Material for this task:

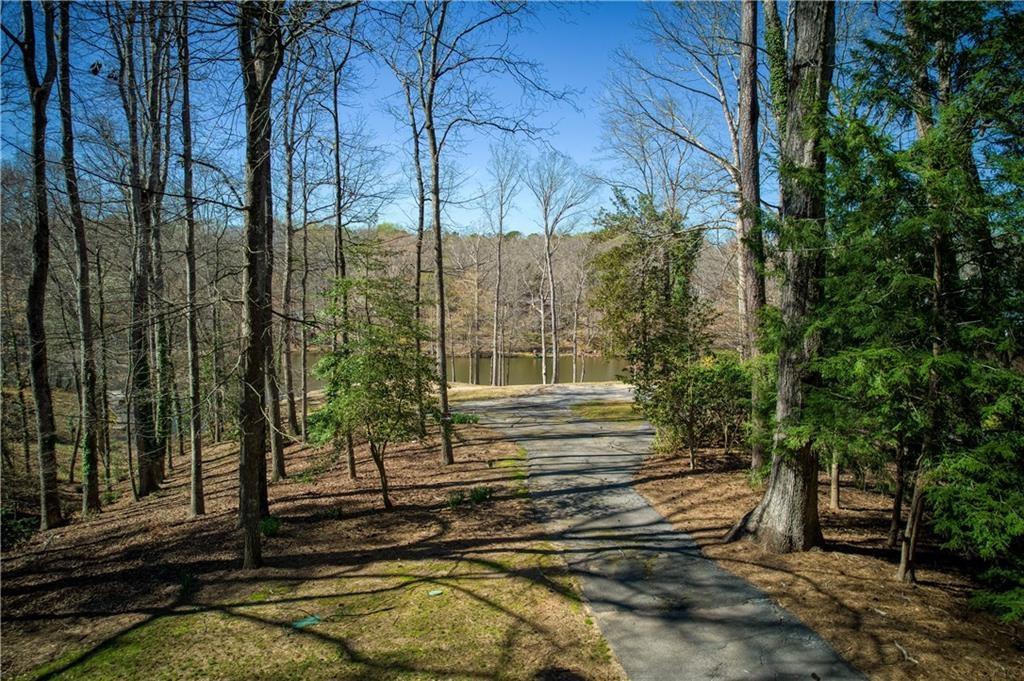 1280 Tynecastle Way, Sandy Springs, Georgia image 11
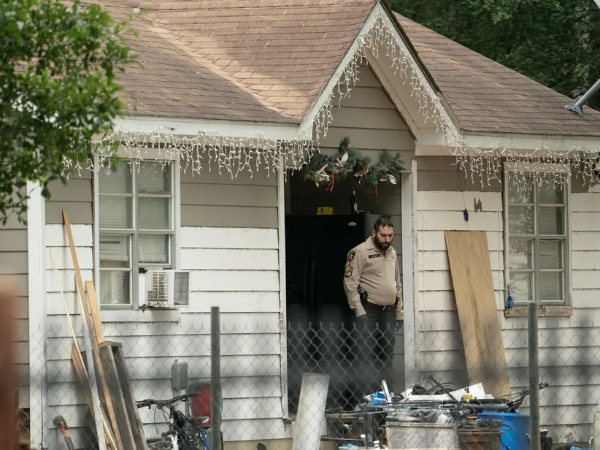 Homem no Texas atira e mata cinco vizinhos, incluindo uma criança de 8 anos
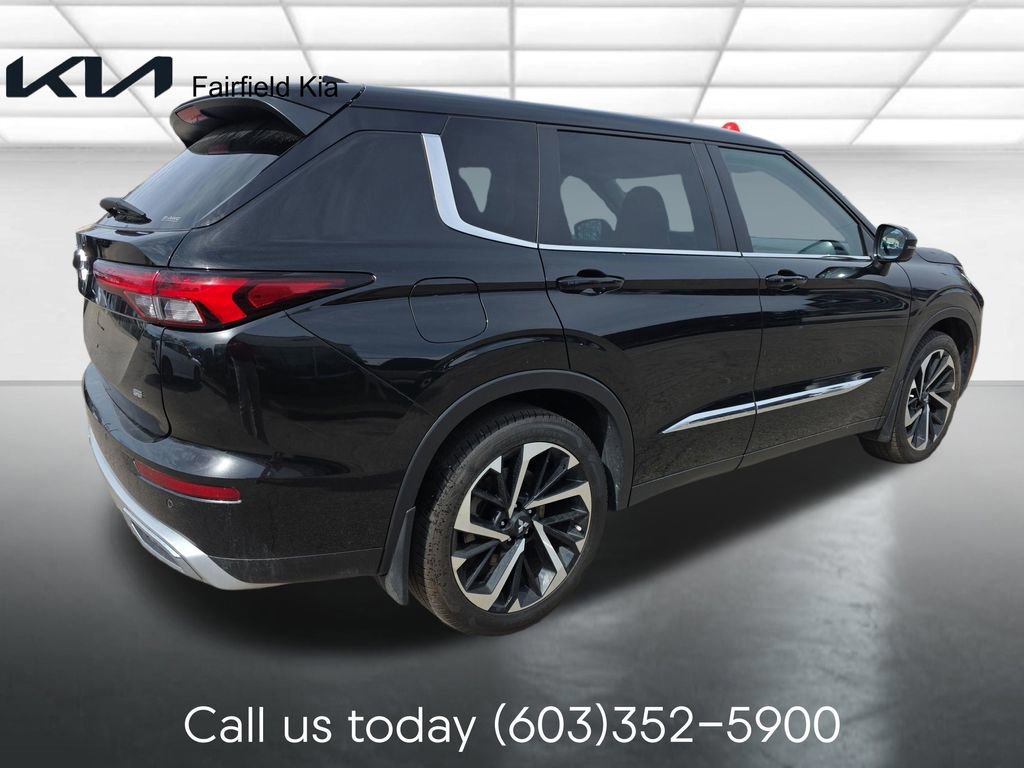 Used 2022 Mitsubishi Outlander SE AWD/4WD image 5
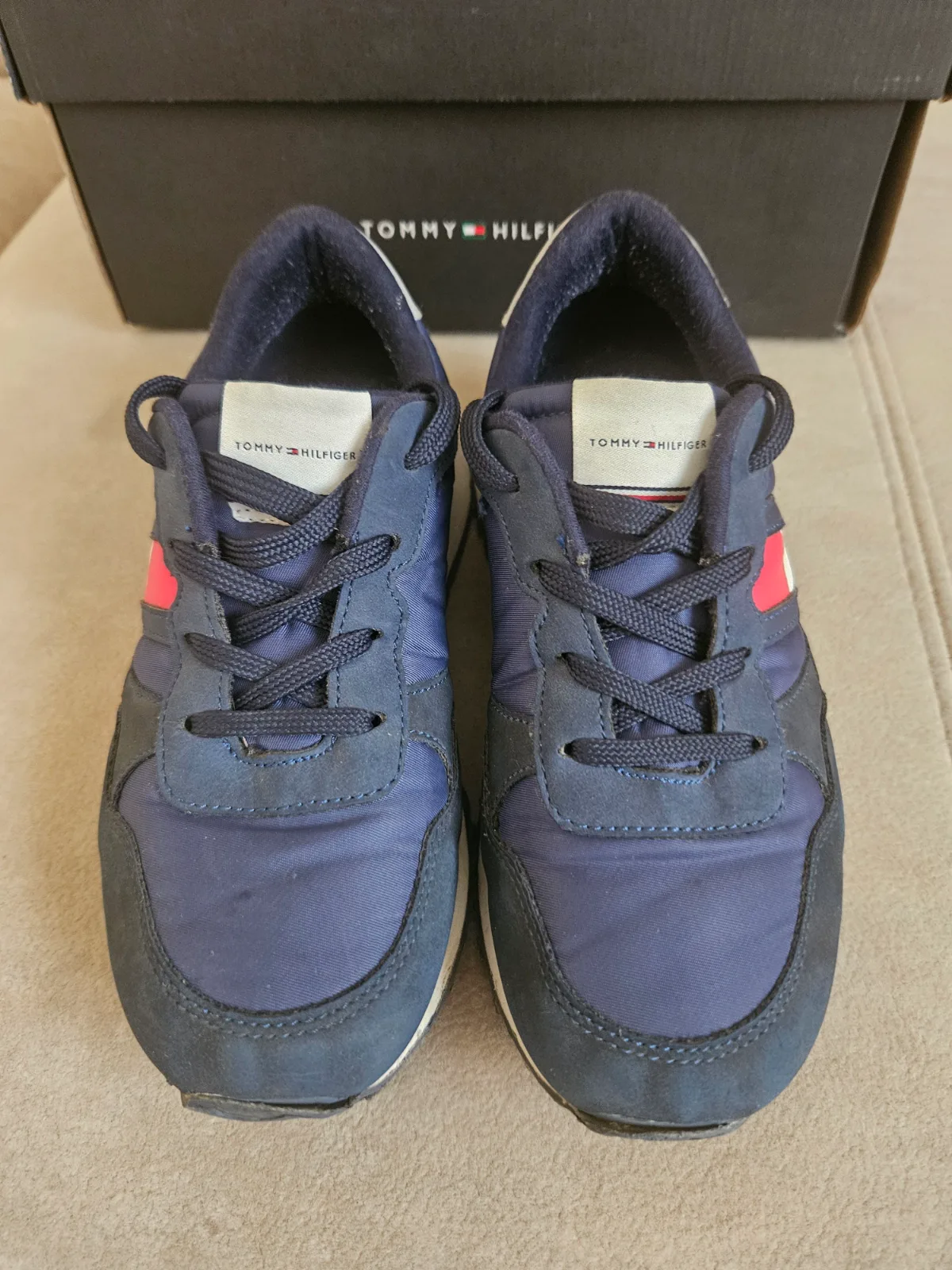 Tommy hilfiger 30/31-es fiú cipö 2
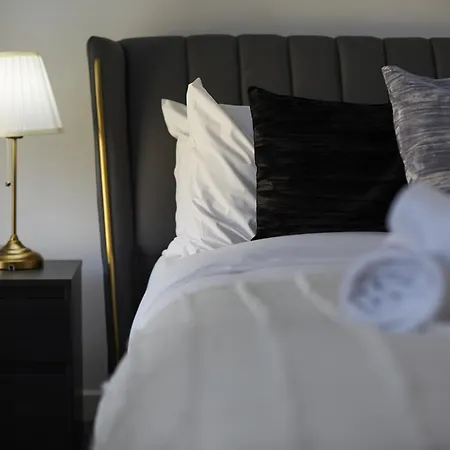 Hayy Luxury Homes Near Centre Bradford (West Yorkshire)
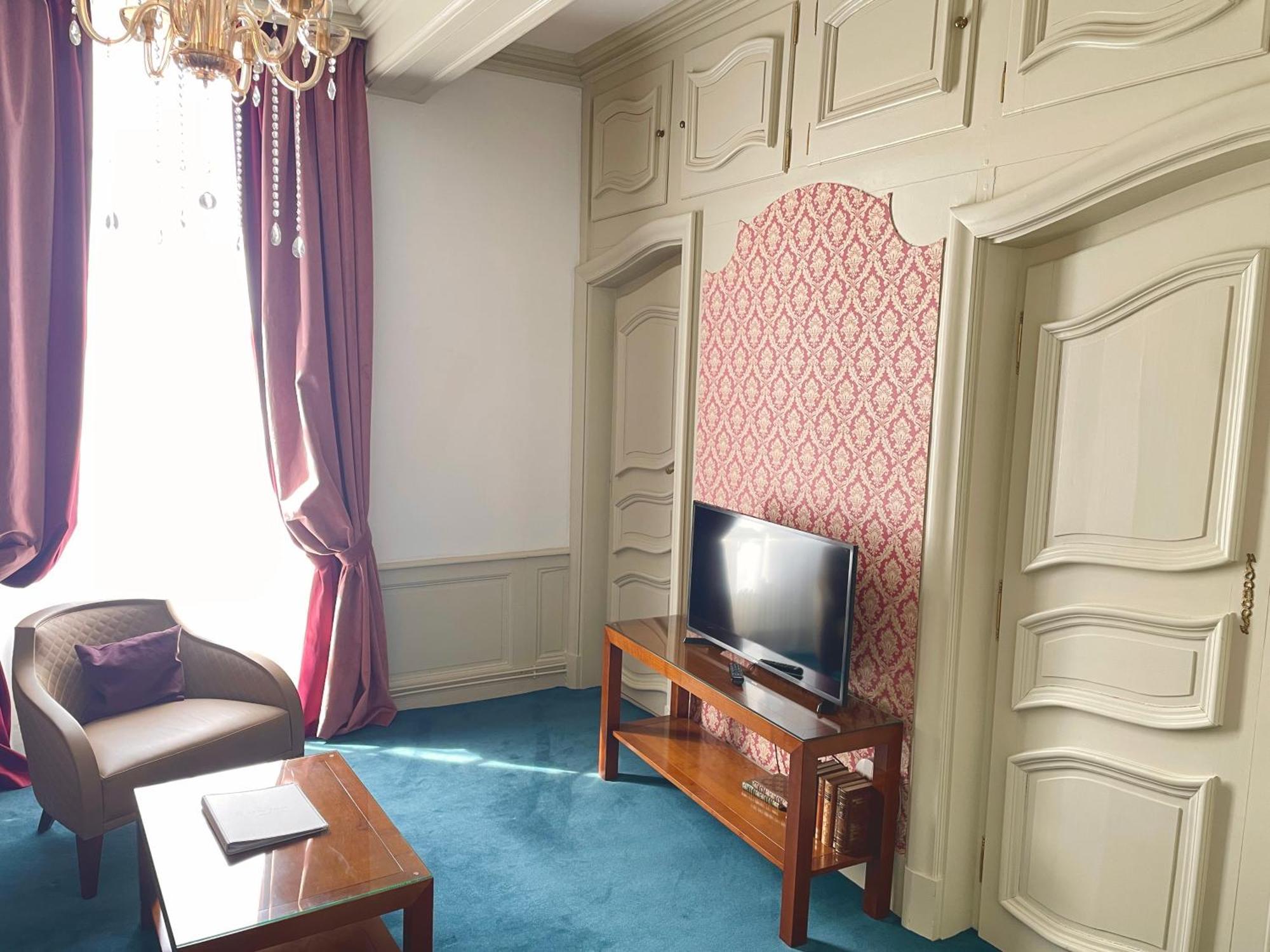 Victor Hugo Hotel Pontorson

The task: Transcribe the listing exactly, skipping pictures.

Result of this exercise:
 1280 Tynecastle Way, Sandy Springs, Georgia image 11
 Homem no Texas atira e mata cinco vizinhos, incluindo uma criança de 8 anos
 Used 2022 Mitsubishi Outlander SE AWD/4WD image 5
 Tommy hilfiger 30/31-es fiú cipö 2
 Hayy Luxury Homes Near Centre Bradford (West Yorkshire)
 Victor Hugo Hotel Pontorson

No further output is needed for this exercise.